Bu karar, kişi hakkında kesin hüküm teşkil edeceğinden daha sonra tekrar dava açamaz, açsa bile kesin hüküm nedeniyle ret olunur.

 Davadan Feragatin Hüküm ve Sonuçları:
  1. Feragat, Esas Haktan Vazgeçme Sonucunu Doğurur,
  2. Feragat İle Uyuşmazlık Sona Erer,
  3. Feragatten Rücu Edilemez,
  4. Feragat Kesin Hükmün Sonuçlarını Doğurur,
  5. Feragat Eden Davacı Yargılama Giderlerine Mahkûm Olur.

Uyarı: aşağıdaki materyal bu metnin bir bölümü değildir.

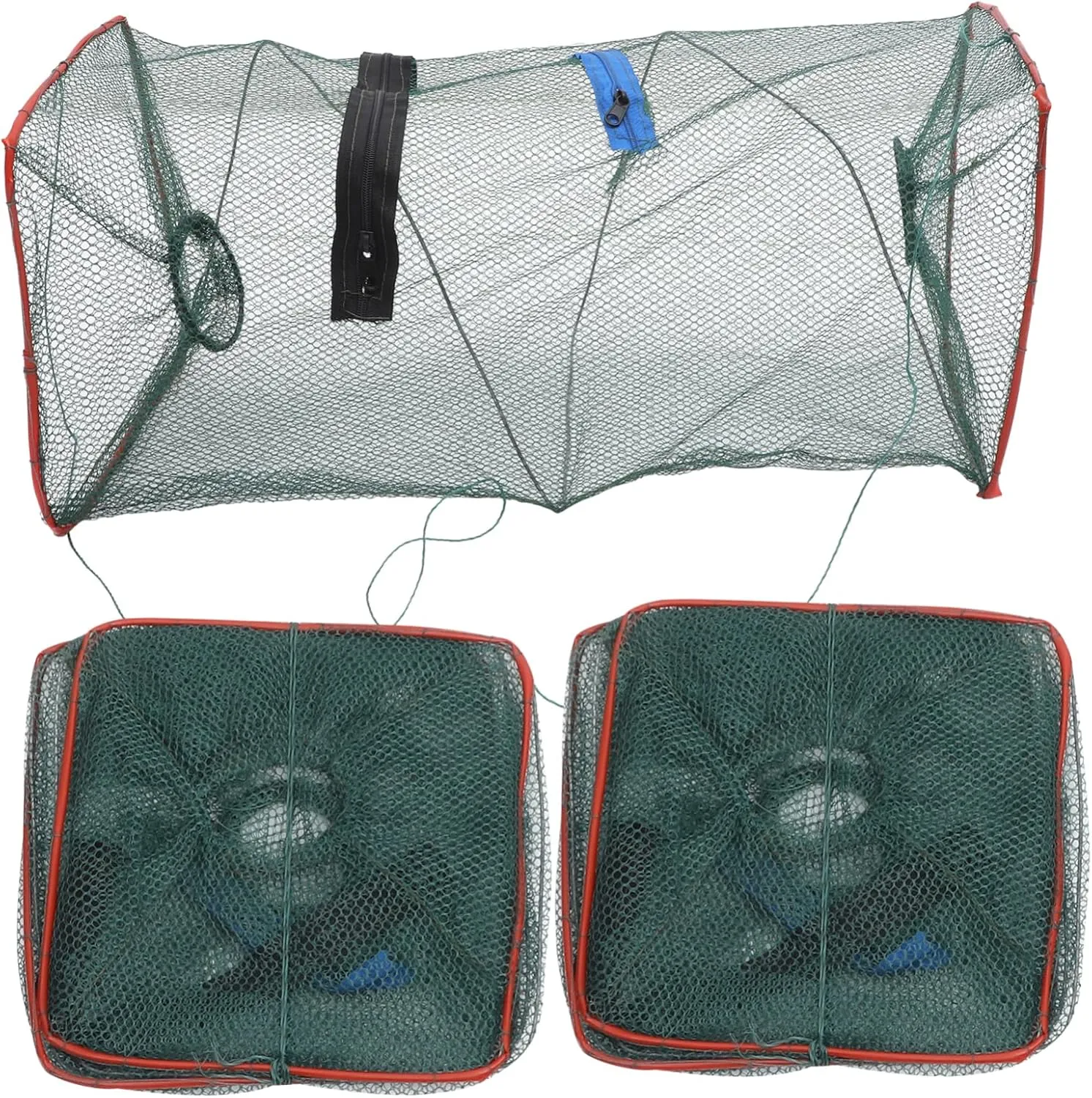 Collapsible Lobster Net Fishing Net Set 3pcs Crayfish Trap Saltwater/Freshwater Easy to Use Portable Lightweight Random Color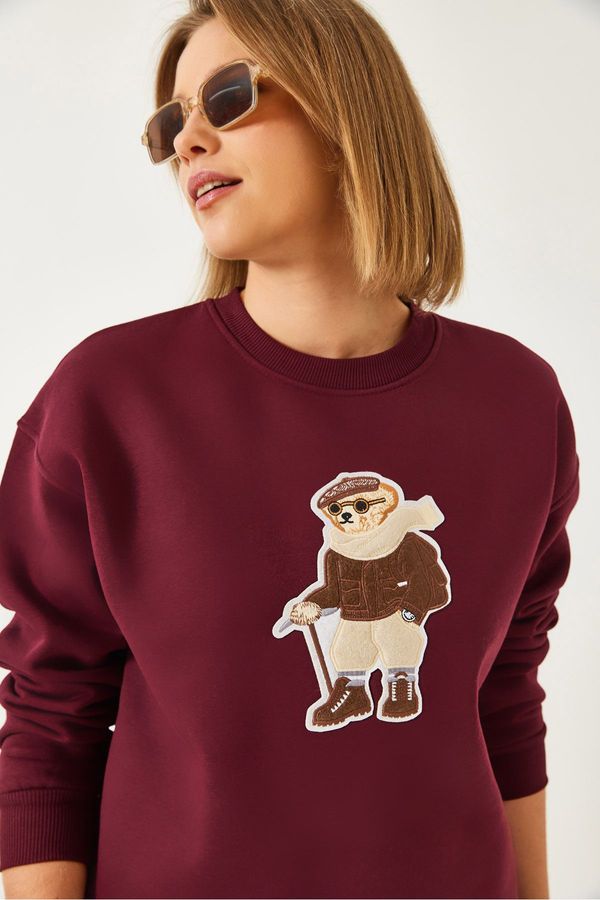 Bianco Lucci Bianco Lucci Women's Printed Three Thread Raised Sweatshirt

Davadan feragat, medeni yargılamada mümkün olduğu gibi idari yargılamada da mümkündür. 2577 sayılı İYUK m.31 gereğince HMK’ya atıfta bulunulduğu, idari yargılamada da mümkün hale geldiği tartışmasızdır. Madde 31 – Bu Kanunda hüküm bulunmayan hususlarda; hakimin davaya bakmaktan memnuiyeti ve reddi, ehliyet, üçüncü şahısların davaya katılması, davanın ihbarı, tarafların vekilleri, feragat ve kabul, teminat, mukabil dava, bilirkişi, keşif, delillerin tespiti, yargılama giderleri, adli yardım hallerinde ve duruşma sırasında tarafların mahkemenin sukünunu ve inzibatını bozacak hareketlerine karşı yapılacak işlemler ile elektronik işlemlerde Hukuk Usulü Muhakemeleri Kanunu hükümleri uygulanır.
           
İdari yargılamada feragatin uygulanması bir takım sorunları da beraberinde getirmiştir. Medeni yargılamanın konusunu bireysel uyuşmazlıklar teşkil eder. İdari yargının konusunu ise sadece bireysel uyuşmazlıklar teşkil etmemekle birlikte dava edilen davalının şahsı değil davaya konu idari işlem, idari eylem yahut idari sözleşmelerdir. Temyiz aşamasında verilen feragat beyanı, karar kesinleşmese de ilk derece mahkeme kararı ile hukuka aykırılığı tespit edilmiş olan bireysel yahut düzenleyici işlemlerin hukuk aleminde varlığını sürdürmesine, kamu yararı amacından ödün verilmesine neden olacaktır. Bundan dolayı Danıştay’da farklı kararların verildiği, HMK’da anlamını bulan feragatin aynen uygulanması hususlarında sorunlar yaşandığı görülmektedir. Şuan için hakim olan görüş davadan feragatin idari yargılama usulü ile bağdaştığı ölçüde uygulanması gerektiğidir.
 
Huzur dolu, sağlıklı günler geçirmeniz dileğiyle. Sevgi ve selamlarımla.